- Church: Scottish Episcopal Church
- Diocese: Moray, Ross and Caithness
- Appointed: 1904
- In office: 1904–1943
- Predecessor: James Kelly
- Successor: Peter Wilson
- Other post: Primus of the Scottish Episcopal Church (1935–1943)

Orders
- Ordination: June 1883
- Consecration: 21 December 1904 by George Wilkinson

Personal details
- Born: 6 July 1858 Bath, Somerset, England
- Died: 24 February 1943 (aged 84) Inverness, Scotland
- Buried: Tomnahurich Cemetery
- Denomination: Anglican
- Parents: A. J. Macleane & Sarah Hutchings
- Spouse: Eva Maclean

= Arthur Maclean =

Scottish Anglican bishop (1858–1943)

Arthur John Maclean (6 July 1858 – 24 February 1943) was an Anglican bishop in the later decades of the 19th century and first four of the 20th century.

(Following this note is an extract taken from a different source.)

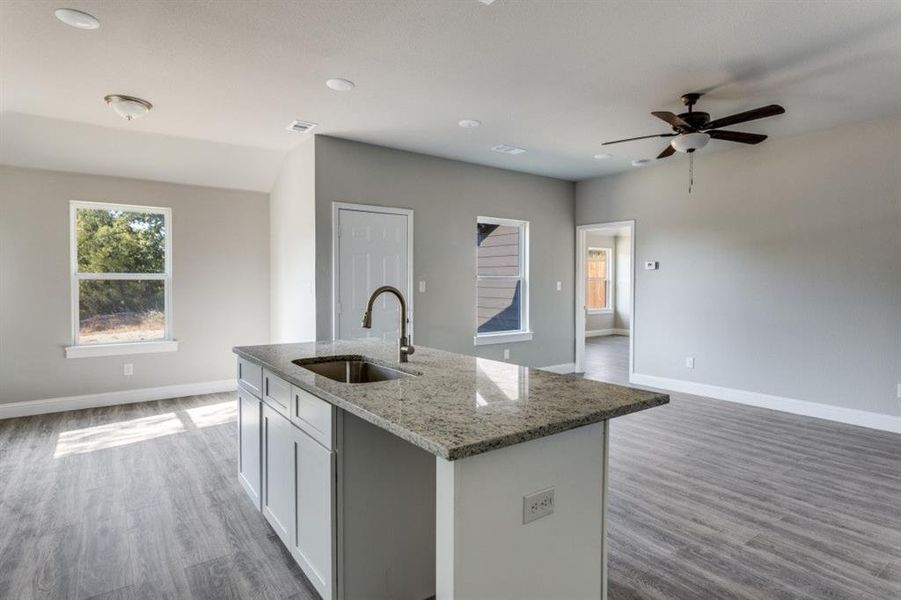 Kitchen with light stone countertops, open floor plan, light wood-style floors, recessed lighting, and a kitchen island with sink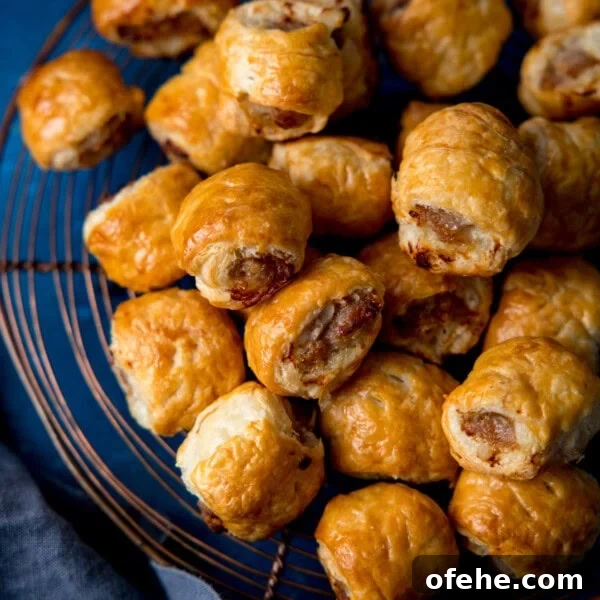 Crispy Chicken Lollipops Recipe: Finger-Licking Party Snack 11 A pile of golden-brown sausage rolls rests on a wire cooling tray, showing flaky pastry and browned meat filling.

Maclean was born into an ecclesiastical family. His father, the Rev Arthur J. Macleane (he later dropped the final "e" from the surname), began a career in the East India Company before returning to England, obtaining a degree from Trinity College, Cambridge, being ordained and securing appointment as inaugural Principal of Brighton College (1846–51). He held two subsequent headships and was editor of various Classical texts, especially Horace and Juvenal.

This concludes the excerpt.